The African Regional Intellectual Property Organisation (ARIPO) is concerned that most new discoveries in Africa remain unregistered, which threatens innovation development.
Experts in patent protection from over 15 African countries said this yesterday in Kigali while laying new strategies to improve patent registration in their respective countries.
According to John Kabare, the Intellectual Property Operations Executive at ARIPO, Africa has registered only 0.5 per cent of the more than 3 million patent applications worldwide.
"And this is not because Africans don't innovate.
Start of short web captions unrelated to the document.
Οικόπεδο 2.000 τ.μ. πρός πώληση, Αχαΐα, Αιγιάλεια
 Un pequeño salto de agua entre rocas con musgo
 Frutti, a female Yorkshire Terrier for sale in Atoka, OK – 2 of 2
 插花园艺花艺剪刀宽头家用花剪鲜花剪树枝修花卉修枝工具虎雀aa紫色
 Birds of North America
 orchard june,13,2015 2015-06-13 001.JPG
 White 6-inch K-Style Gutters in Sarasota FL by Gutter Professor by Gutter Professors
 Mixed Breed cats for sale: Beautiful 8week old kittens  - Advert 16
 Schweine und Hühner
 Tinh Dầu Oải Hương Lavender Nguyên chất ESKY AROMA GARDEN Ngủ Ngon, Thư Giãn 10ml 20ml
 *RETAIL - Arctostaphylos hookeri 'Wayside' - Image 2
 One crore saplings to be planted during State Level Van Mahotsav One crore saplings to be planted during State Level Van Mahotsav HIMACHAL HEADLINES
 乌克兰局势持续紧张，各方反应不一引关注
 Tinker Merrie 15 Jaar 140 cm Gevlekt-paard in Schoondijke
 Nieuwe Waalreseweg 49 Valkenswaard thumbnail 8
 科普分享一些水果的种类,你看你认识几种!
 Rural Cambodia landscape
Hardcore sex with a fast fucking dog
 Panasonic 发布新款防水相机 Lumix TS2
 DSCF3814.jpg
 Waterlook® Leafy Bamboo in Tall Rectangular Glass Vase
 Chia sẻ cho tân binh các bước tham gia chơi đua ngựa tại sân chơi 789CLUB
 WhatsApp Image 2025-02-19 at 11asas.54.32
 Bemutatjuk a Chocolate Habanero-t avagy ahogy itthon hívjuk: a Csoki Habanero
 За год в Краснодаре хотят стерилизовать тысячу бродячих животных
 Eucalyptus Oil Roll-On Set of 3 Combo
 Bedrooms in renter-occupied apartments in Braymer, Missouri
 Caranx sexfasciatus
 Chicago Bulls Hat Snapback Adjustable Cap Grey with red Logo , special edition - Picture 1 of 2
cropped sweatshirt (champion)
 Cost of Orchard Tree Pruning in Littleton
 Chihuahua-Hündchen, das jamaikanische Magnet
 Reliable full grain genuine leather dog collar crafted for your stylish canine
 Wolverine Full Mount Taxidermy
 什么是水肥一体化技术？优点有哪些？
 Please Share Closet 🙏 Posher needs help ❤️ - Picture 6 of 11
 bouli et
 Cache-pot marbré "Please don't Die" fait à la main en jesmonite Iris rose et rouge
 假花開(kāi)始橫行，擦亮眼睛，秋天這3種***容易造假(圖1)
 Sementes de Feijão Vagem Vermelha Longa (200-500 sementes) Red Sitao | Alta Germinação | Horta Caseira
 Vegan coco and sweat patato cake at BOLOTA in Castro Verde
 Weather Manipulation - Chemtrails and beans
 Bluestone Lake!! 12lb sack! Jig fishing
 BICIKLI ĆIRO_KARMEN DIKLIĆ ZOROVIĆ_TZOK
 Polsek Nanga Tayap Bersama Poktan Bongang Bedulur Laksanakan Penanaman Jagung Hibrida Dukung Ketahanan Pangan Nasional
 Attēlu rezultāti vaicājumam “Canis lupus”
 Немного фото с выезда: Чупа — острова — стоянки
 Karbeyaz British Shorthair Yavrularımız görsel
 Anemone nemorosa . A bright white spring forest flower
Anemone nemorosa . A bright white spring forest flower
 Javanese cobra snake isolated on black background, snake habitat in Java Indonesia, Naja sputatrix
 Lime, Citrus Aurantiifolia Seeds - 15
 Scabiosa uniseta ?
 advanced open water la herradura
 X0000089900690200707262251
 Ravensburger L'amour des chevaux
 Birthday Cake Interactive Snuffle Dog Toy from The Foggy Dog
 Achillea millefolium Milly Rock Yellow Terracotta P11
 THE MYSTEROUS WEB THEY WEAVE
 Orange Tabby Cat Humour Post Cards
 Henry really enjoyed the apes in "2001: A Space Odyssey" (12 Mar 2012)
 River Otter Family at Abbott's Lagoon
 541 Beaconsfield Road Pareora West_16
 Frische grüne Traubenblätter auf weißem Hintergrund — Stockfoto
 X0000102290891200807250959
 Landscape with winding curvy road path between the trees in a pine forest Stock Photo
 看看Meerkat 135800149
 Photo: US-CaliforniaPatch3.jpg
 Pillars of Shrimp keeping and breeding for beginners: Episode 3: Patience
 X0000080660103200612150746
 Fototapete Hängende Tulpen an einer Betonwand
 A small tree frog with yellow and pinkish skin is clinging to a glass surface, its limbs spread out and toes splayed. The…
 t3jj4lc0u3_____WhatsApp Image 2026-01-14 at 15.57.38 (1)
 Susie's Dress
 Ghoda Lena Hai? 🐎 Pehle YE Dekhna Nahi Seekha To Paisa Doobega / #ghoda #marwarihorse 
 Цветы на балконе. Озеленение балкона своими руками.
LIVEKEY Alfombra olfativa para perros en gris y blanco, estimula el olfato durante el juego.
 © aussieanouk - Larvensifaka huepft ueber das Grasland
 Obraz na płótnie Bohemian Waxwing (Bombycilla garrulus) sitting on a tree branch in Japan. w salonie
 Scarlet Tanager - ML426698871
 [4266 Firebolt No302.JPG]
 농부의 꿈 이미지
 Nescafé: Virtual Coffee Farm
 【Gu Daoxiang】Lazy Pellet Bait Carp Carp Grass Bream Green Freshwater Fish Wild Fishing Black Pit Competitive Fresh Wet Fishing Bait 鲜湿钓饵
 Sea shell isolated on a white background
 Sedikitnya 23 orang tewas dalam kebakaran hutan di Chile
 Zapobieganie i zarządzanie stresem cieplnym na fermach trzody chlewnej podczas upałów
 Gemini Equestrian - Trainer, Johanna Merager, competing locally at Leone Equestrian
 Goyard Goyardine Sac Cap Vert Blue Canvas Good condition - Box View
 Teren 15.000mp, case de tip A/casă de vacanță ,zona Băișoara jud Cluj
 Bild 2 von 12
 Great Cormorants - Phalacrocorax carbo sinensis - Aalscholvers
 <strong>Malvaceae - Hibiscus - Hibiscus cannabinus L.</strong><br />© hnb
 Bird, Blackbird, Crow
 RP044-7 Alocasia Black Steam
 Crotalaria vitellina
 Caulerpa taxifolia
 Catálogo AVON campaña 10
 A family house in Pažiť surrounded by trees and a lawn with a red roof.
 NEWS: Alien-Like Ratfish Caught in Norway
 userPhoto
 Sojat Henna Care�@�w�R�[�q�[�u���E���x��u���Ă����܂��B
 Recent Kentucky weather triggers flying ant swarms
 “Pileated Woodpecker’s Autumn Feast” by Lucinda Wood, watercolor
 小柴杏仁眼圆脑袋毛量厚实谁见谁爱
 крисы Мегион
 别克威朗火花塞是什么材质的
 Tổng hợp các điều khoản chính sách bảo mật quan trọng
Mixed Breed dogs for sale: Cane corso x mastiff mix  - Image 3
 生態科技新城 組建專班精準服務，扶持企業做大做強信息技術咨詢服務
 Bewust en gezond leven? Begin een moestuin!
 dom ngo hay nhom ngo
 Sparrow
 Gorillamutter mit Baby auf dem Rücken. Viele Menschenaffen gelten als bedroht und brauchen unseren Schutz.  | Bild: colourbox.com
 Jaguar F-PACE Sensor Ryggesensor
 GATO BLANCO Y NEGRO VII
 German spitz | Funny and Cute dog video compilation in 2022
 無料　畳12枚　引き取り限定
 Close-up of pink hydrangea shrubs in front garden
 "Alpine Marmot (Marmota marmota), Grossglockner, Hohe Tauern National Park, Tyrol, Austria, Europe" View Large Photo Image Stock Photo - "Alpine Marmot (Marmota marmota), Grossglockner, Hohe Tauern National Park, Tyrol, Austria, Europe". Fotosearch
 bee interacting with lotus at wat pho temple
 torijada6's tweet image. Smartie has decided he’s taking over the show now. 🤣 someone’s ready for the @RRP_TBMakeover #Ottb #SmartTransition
It is because they don't file patent applications" he said.
Kabare said the organisation has intensified the creation of awareness of the need to have protected intellectual property to avoid "ride-overs" and earn money from those who want to use the new innovations.
Richard Kayibanda, the Registrar General at Rwanda Development Board, said patent registration had increased to 409 from 162 in 2017 and 48 in 2016.
Kayibanda said that the number of patent registrations have been increasing since the country joined Patent Cooperation Treaty (PCT) in 2011.
"Despite all the efforts, we're still aware that a big number of patentable innovations are not protected" he said.
The Patent Cooperation Treaty allows any innovator to submit their patentable discovery for protection in any of the 150 countries that signed the treaty.
According to the Global Innovation Index 2017 and the African Capacity Report 2017, African institutions lag behind in building capacity in science, technology and innovation.
Kayibanda said that, in response to these challenges, the Government devised the National Intellectual Property Policy as the country looks to become an innovation hub.
"An innovation hub and fund were established to give an opportunity to young innovators to grow," he said.